Als „unpersönlichsten aller Staaten“ bezeichnet Roger Crowley die Seerepublik Venedig, die Jahrhunderte lang die Geschicke der christlich-islamischen Welt entscheidend mit beeinflusste.
Es war der vierte Kreuzzug, der Venedig zunächst an den Rand seiner Existenz brachte. Im Ergebnis aber wurde die gescheiterte christliche Mission zur Grundlage des Aufstiegs des Seehandelsimperiums. Es war ein lukrativer aber hochriskanter Deal, den der blinde Doge Enrico Dandolo 1201 mit den französischen Rittern aushandelte. Gegen ein Salär von 85.000 Mark erklärte sich Venedig bereit, für ein Kreuzfahrerheer von 34.000 Kriegern eine Flotte auszurüsten und diese einschließlich Mannschaften, eigener Soldaten, und Proviant der Mission zur Befreiung Jerusalems für ein Jahr zur Verfügung zu stellen. Soweit der offizielle Vertrag.
statt der Befreiung Jerusalems die Eroberung von Byzanz
Tatsächlich aber gab es, wie Crowley verrät, auch ein geheimes Abkommen, denn Venedig hatte bei dem Unterfangen ganz andere Ambitionen als die edlen Kreuzritter. Wenn man schon ein Heer zur Verfügung hat, so offensichtlich die Überlegung des greisen Dogen, dann kann das im Interesse Venedigs auf dem Weg nach Jerusalem auch noch schnell an der dalmatischen Küste aufräumen.

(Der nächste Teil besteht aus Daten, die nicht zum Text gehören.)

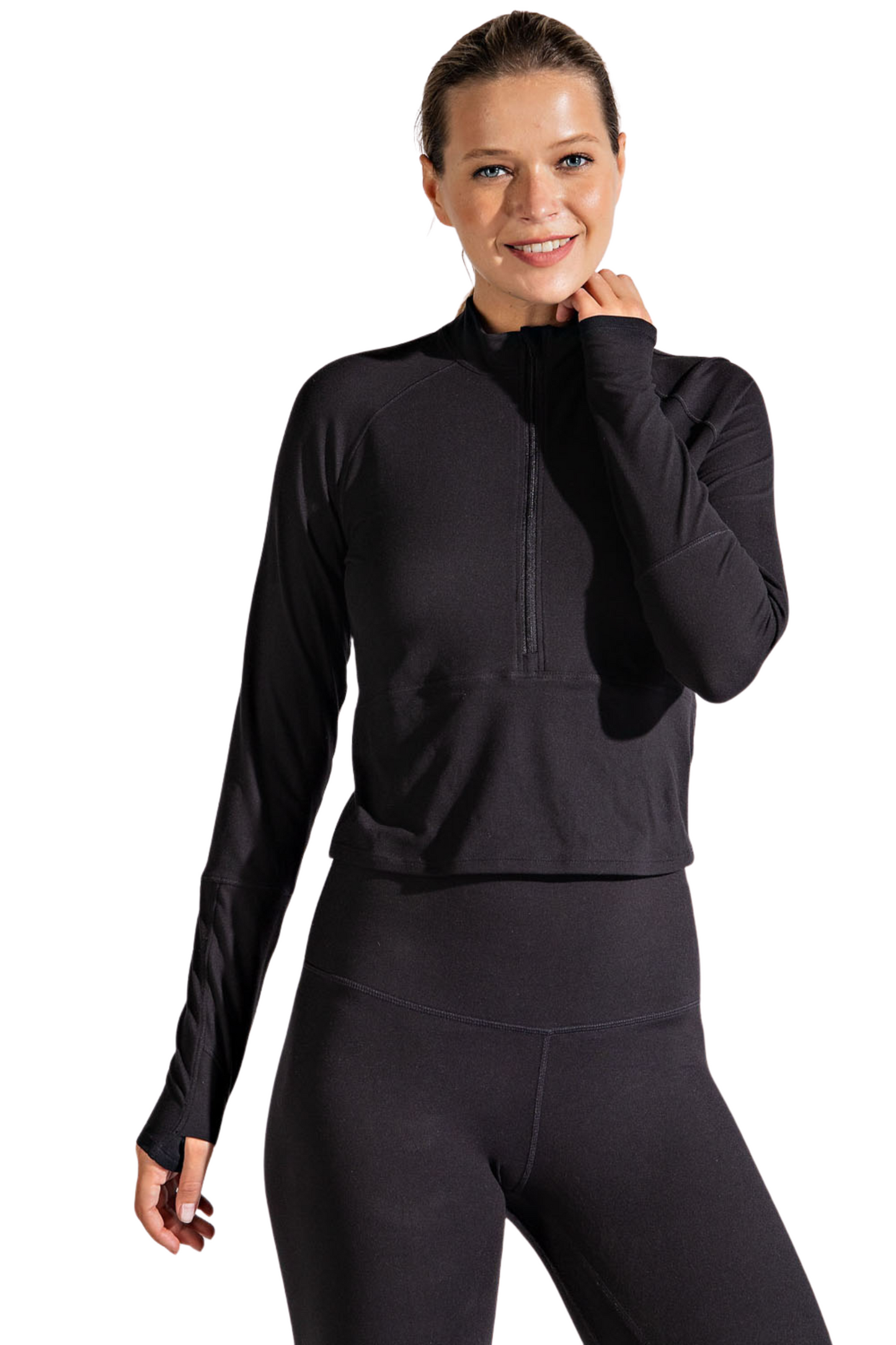Butter Quarter Zip Cropped Long Sleeve Top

Und der nur dem engsten Kreis der Geschäftspartner bekannte Plan, einen kleinen Umweg über das reiche Ägypten zu machen, um den muslimischen Heeren ihre Ressourcen abzuschneiden konnte dazu dienen, nebenbei die Vormachtstellung Genuas und Pisas im Ägyptenhandel zugunsten Venedigs zu brechen. Die Expedition sollte schließlich weder Ägypten noch das Heilige Land erreichen. Stattdessen eroberte das Kreuzfahrerheer unter geschickter Führung des greisen Dogen Byzanz und legte damit den Grundstein für den Untergang des ohnehin maroden oströmischen Reiches. Gleichzeitig erbte der Handelsplatz Venedig bei der Aufteilung der „Beute“ 1204 ein maritimes Reich und wurde damit schlagartig zu einer Kolonialmacht, die von der Spitze der Adria bis zum Schwarzen Meer reichte und die gesamte Ägäis und das Kretische Meer umfasste.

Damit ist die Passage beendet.